- **INSTRUCTIONS TO FOLLOW**: Only the lines from the start of the data below through the line that contains "3 sypialnia Apartament" are to be copied, exactly and without pictures.

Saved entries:

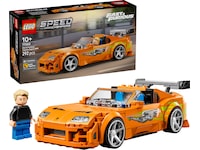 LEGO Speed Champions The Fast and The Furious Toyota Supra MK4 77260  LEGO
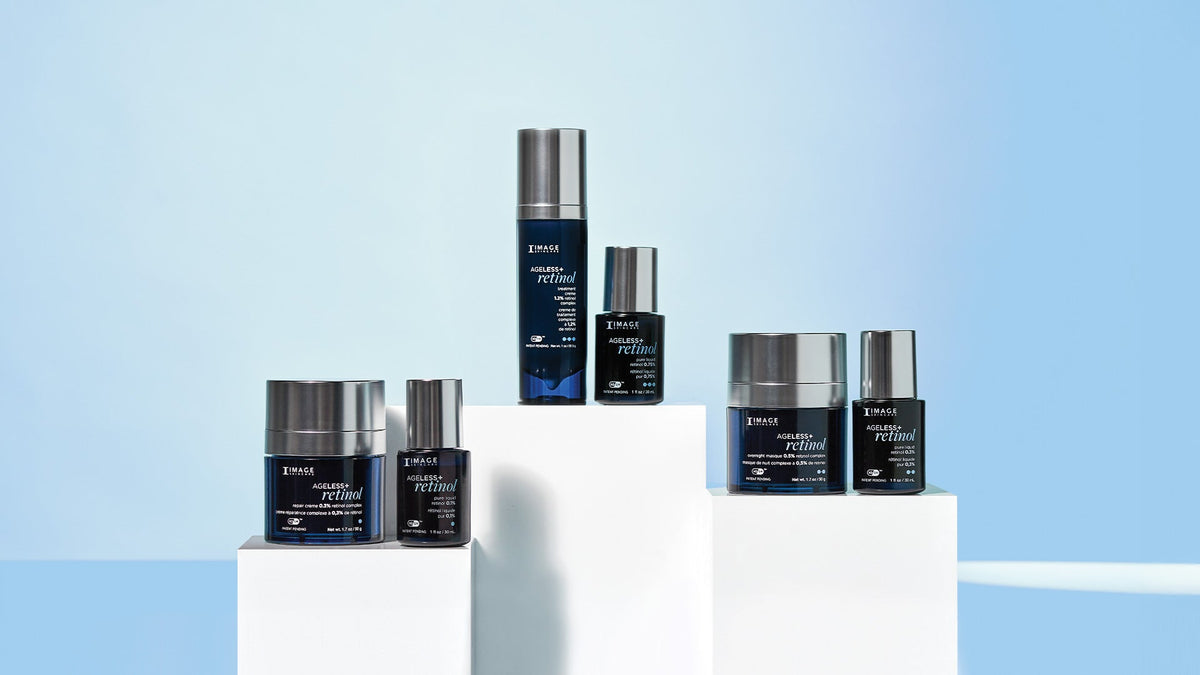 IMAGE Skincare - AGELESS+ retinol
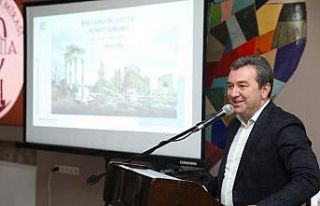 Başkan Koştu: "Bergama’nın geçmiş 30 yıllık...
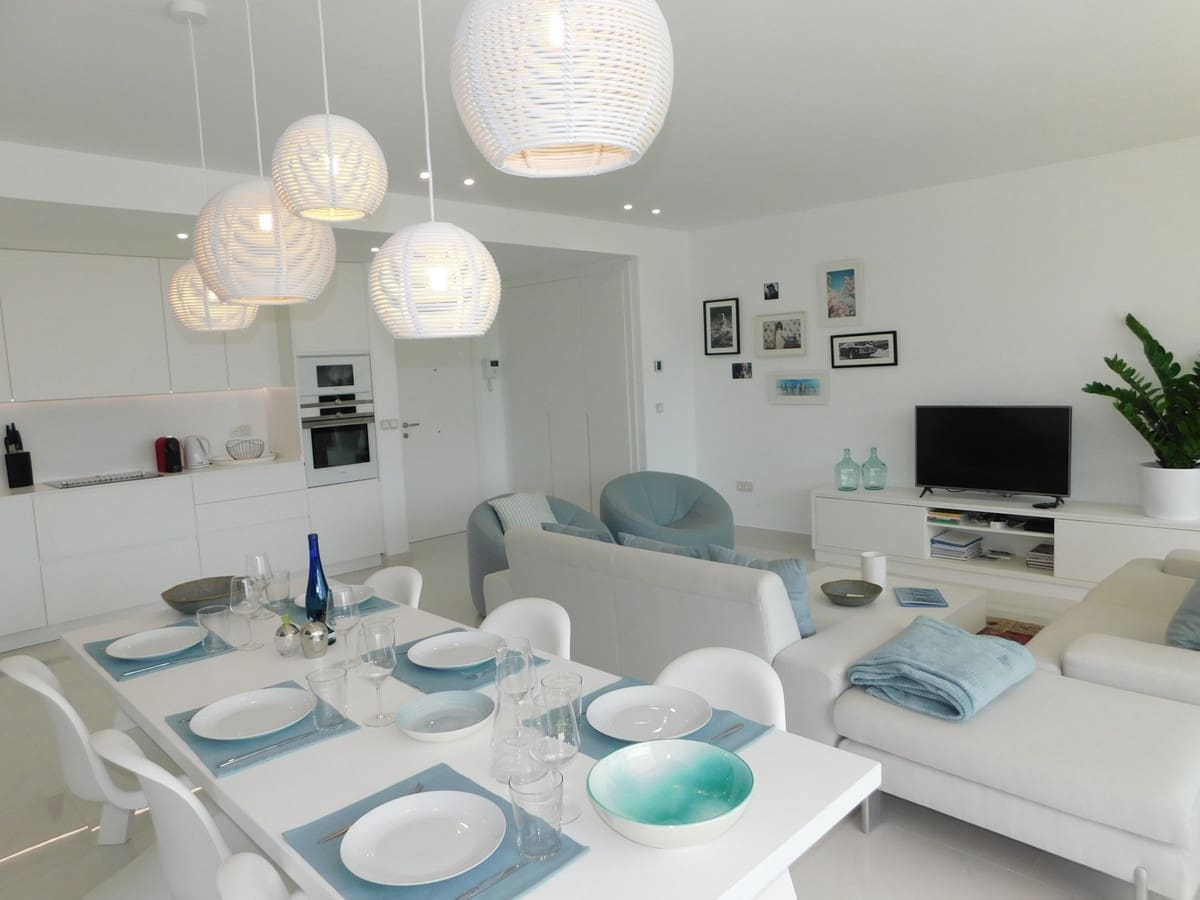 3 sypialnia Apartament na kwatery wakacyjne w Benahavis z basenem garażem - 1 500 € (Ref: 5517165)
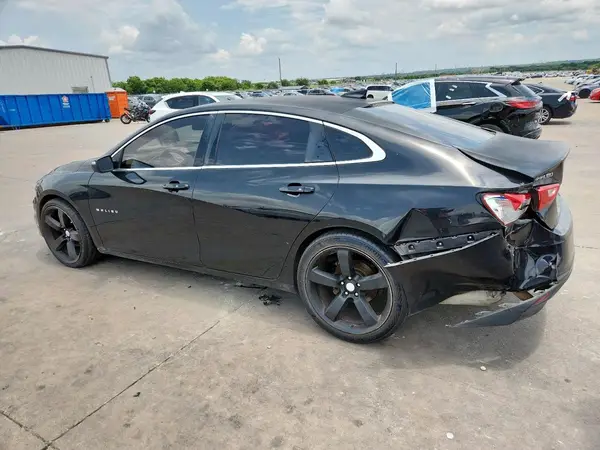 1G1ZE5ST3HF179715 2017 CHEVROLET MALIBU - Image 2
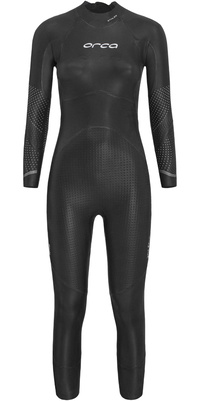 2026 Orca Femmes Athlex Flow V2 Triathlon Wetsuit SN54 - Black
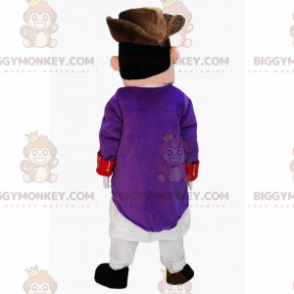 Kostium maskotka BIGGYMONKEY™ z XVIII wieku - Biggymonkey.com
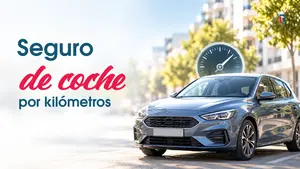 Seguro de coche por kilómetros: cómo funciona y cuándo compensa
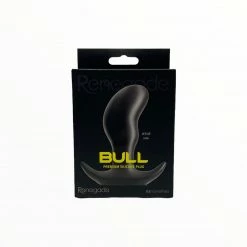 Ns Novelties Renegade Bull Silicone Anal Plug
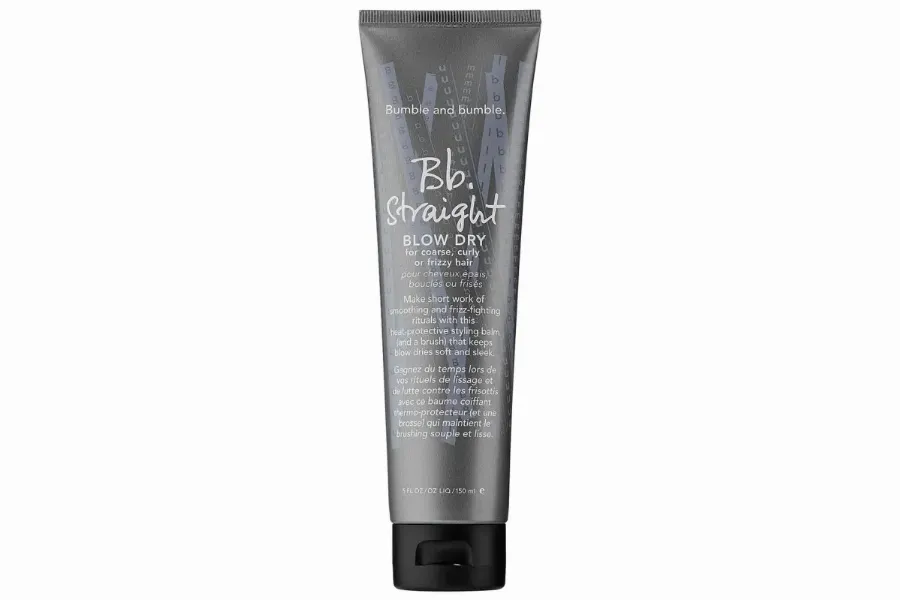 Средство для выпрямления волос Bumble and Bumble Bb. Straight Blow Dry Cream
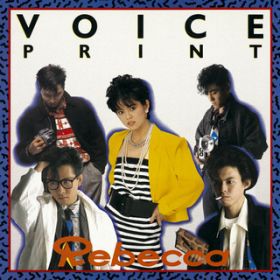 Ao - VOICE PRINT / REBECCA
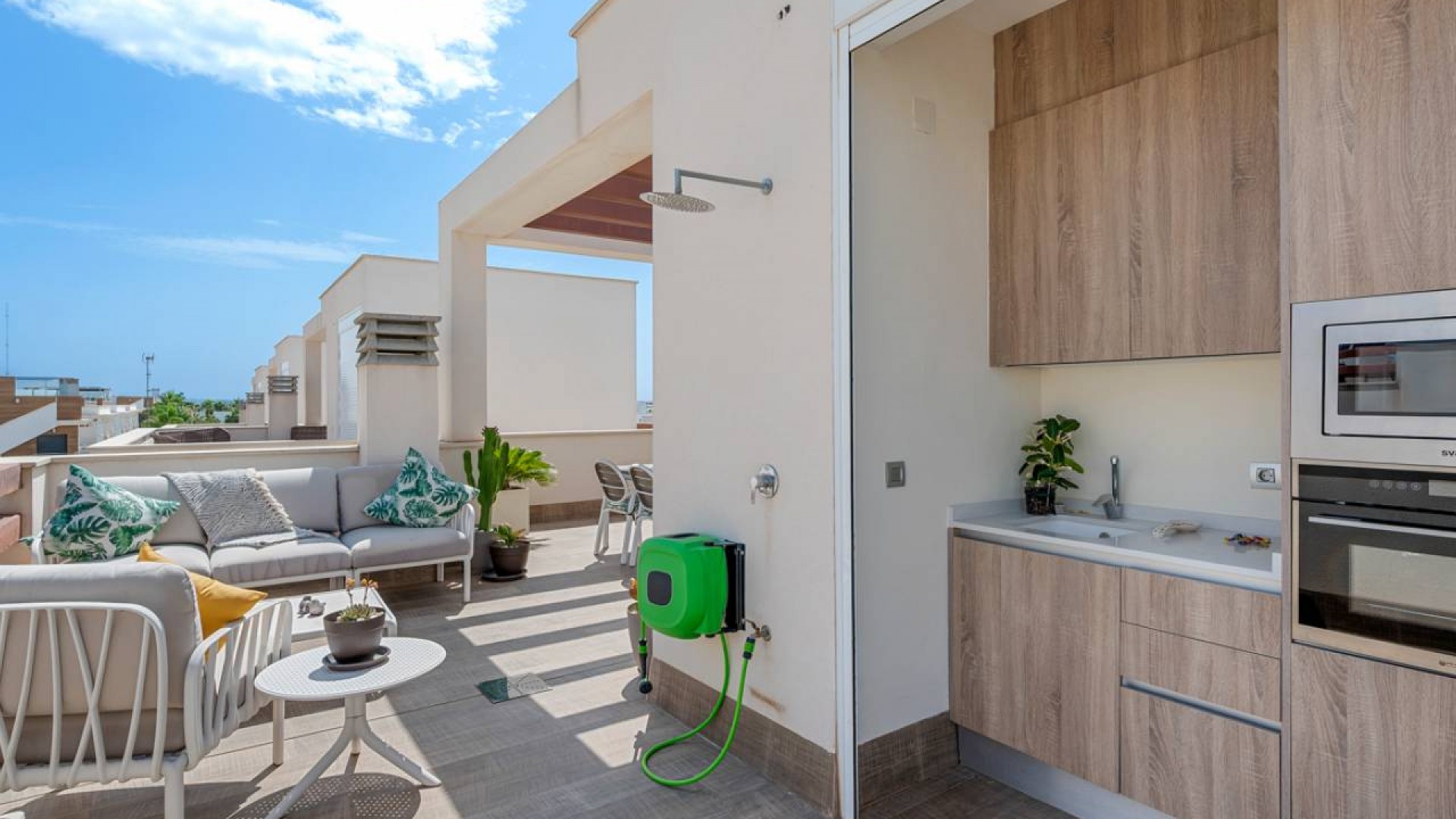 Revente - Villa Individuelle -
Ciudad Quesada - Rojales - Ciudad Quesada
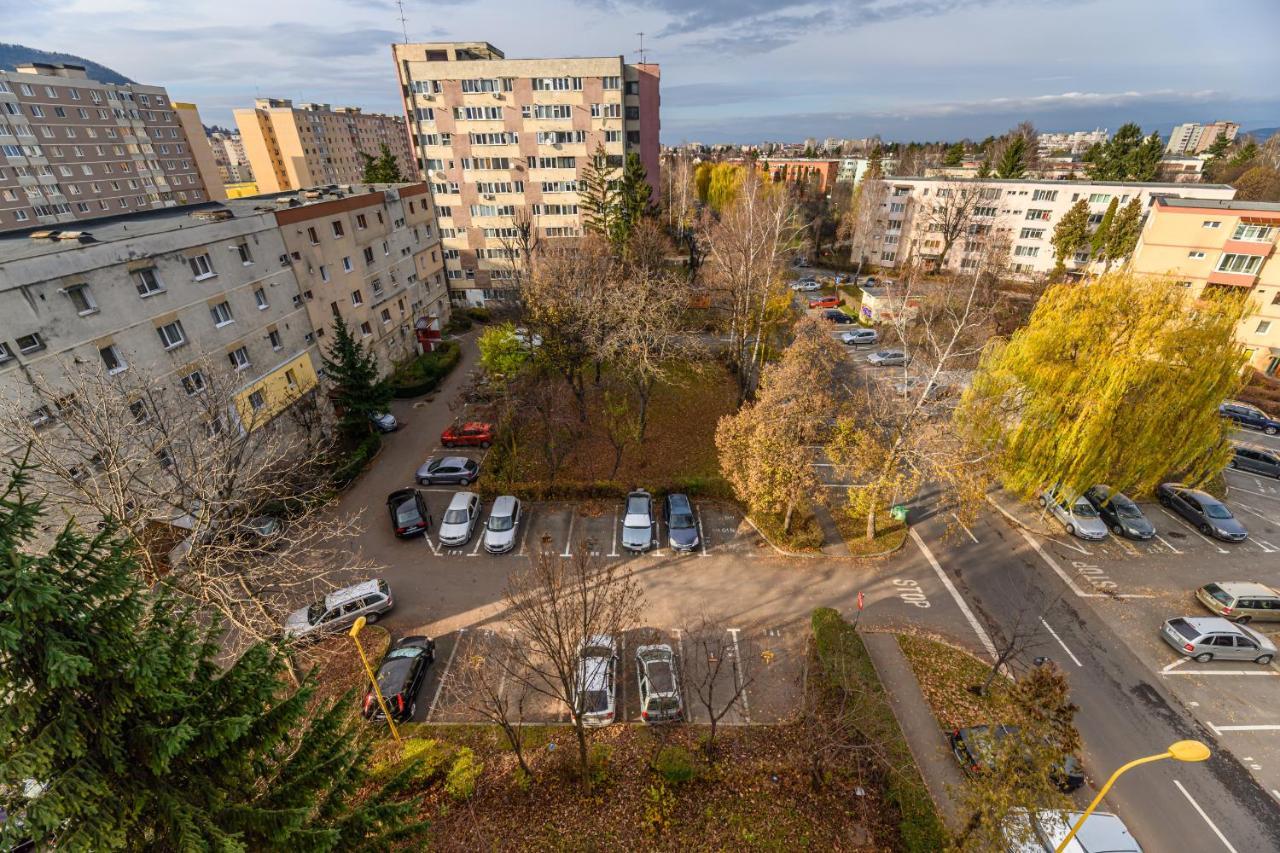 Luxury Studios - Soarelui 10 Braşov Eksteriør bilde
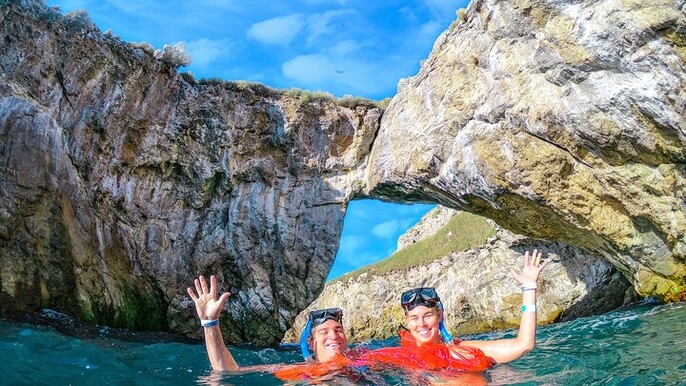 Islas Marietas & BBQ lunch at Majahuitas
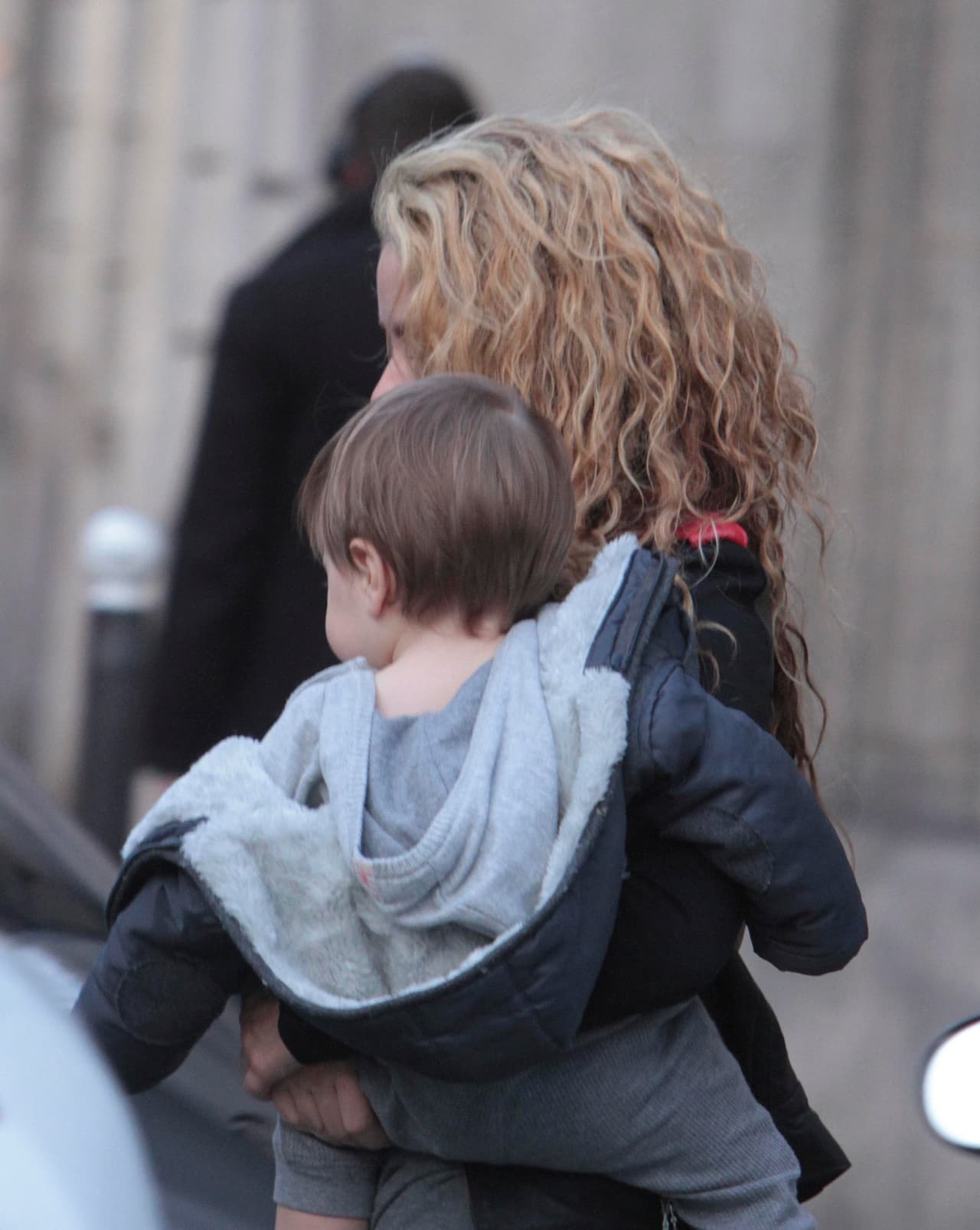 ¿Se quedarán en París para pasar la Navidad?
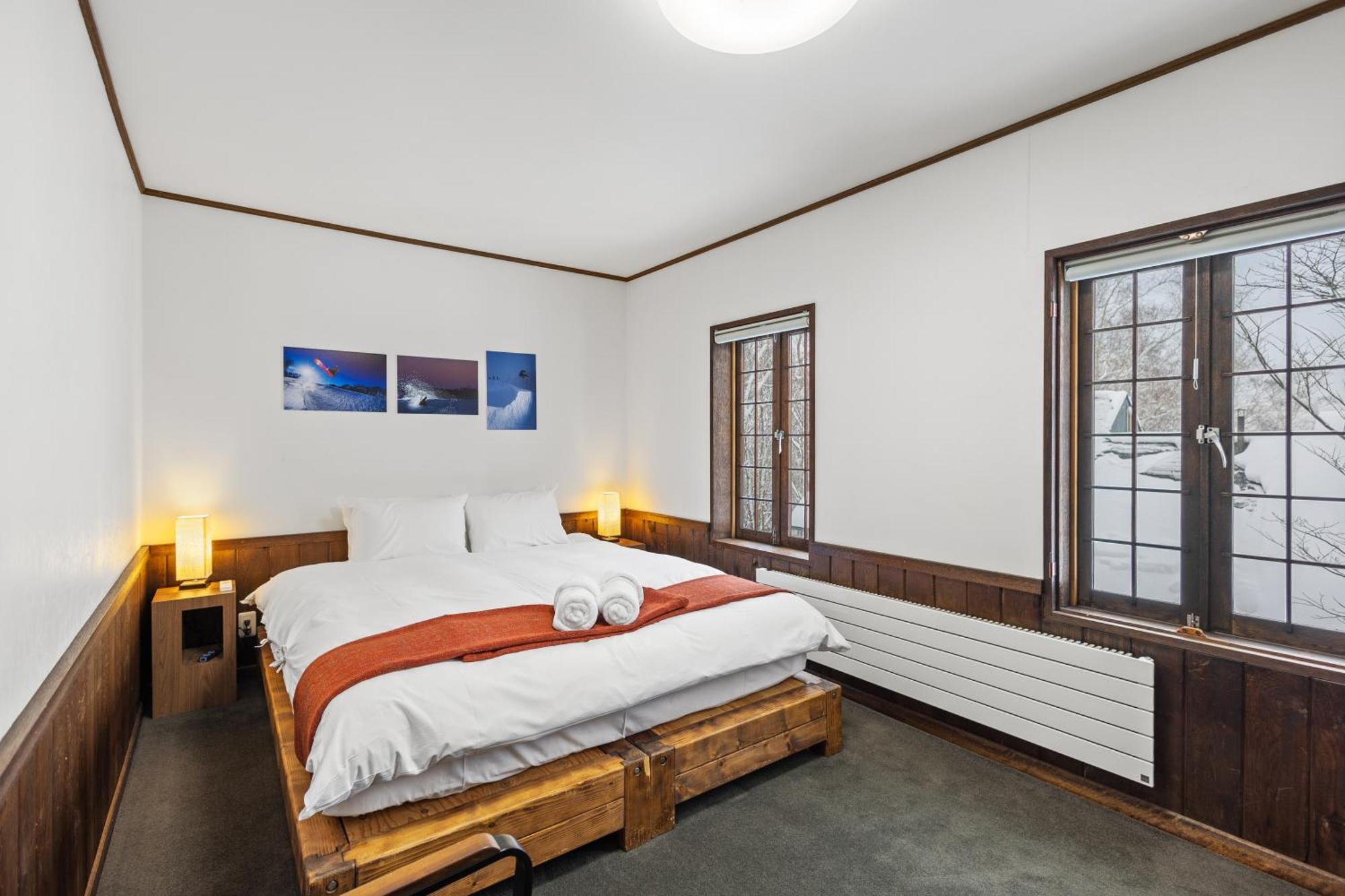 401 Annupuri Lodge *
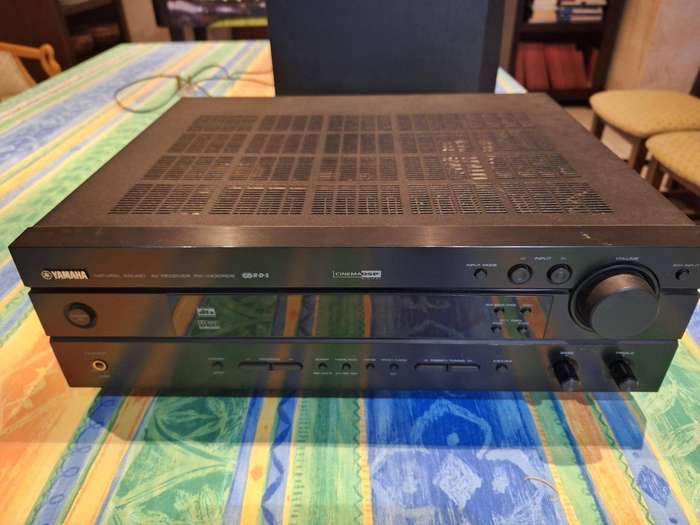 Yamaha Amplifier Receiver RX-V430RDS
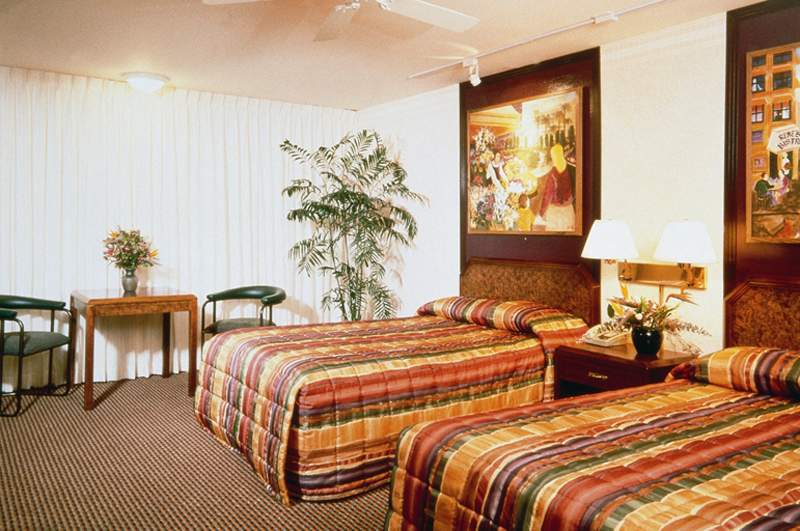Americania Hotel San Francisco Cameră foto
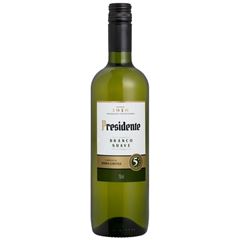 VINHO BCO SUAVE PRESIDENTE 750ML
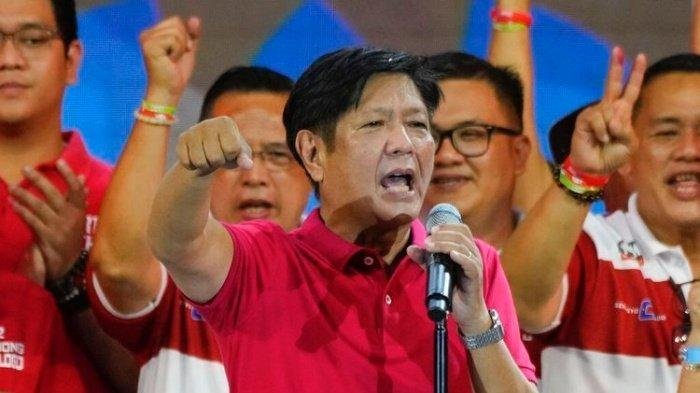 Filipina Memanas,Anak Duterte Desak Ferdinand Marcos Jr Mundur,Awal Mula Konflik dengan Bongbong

- **WRITTEN SOLUTION**:
 LEGO Speed Champions The Fast and The Furious Toyota Supra MK4 77260  LEGO
 IMAGE Skincare - AGELESS+ retinol
 Başkan Koştu: "Bergama’nın geçmiş 30 yıllık...
 3 sypialnia Apartament na kwatery wakacyjne w Benahavis z basenem garażem - 1 500 € (Ref: 5517165)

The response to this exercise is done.